Le joueur d'Al-Ahli, passé par la Juve ou l'Atalanta, réalisait par ce geste le signe de ralliement de la milice turque des «Loups gris». Il s'agit du mouvement paramilitaire du Parti d'action nationaliste (MHP), un partenaire de coalition du parti de Recep Tayyip Erdogan, situé à l’extrême droite sur l'échiquier politique turc et proche de l'idéologie fasciste.
Ce groupuscule est surveillé de près sur le Vieux Continent. C'est le cas en Allemagne, pays hôte du dernier Championnat d'Europe des nations. Il a été dissous en France en Conseil des ministres, alors qu'il n'avait pas d'existence légale officielle. L'organisation est interdite en Autriche depuis 2019 et le geste, équivalent au salut nazi, y est interdit. Discrets, les extrémistes de droite turcs sont également actifs en Suisse.
La célébration de Merih Demiral en référence aux «Loups gris» faisait suite à l'ouverture d'un procès ultra-médiatisé en Turquie, après l’assassinat en plein jour d’un ancien chef de la branche. 22 personnes étaient alors jugées dans une ambiance tendue. Demiral avait immédiatement écopé d'une suspension de deux matchs par l'UEFA, car la politique n'a pas sa place sur les terrains de football. Son équipe ayant été éliminée par les Pays-Bas au tour suivant, il n'était plus réapparu à l'Euro. Il avait cruellement manqué à ses coéquipiers face aux hommes de Ronald Koeman.
Cette sanction prononcée par l'instance basée à Nyon avait été très mal accueillie en Turquie, par les supporters et les autorités. A tel point que les fans turcs présents à Berlin ont massivement reproduit le signe des «Loups gris» en marge du quart de finale contre les Pays-Bas. Le maire de la ville de Bolu dans la province du même nom, Tanju Özcan, promettait pour sa part d'ériger une statue en l'honneur du joueur et de sa célébration. «Je vous promets que je ferai construire une statue de Merih Demiral reproduisant le signe Bozkurt à Bolu», avait-il fait savoir à ses administrés, rappelle le quotidien allemand Bild.

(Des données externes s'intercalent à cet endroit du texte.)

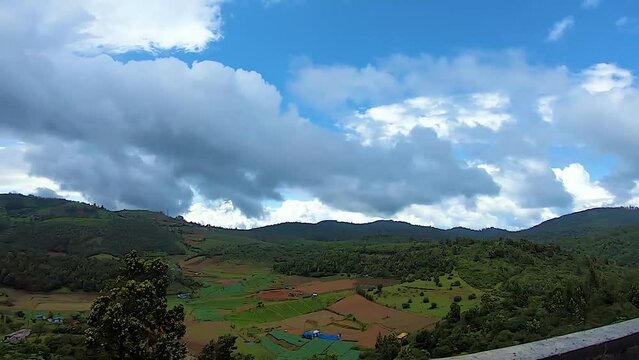 countryside farming field with mountain and bright blue sky background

C'est désormais chose faite. La chaîne de télévision turque Koroglu TV et de nombreuses photographies attestent de la présence d'une statue à une intersection du quartier de Karaçayır, au sud de la ville. Tanju Özcan a donc tenu parole. L'édifice a été inauguré lors d'une cérémonie officielle en sa présence. Le maire a profité de cette occasion pour prendre la parole et dire ce qu'il pensait de cette célébration controversée.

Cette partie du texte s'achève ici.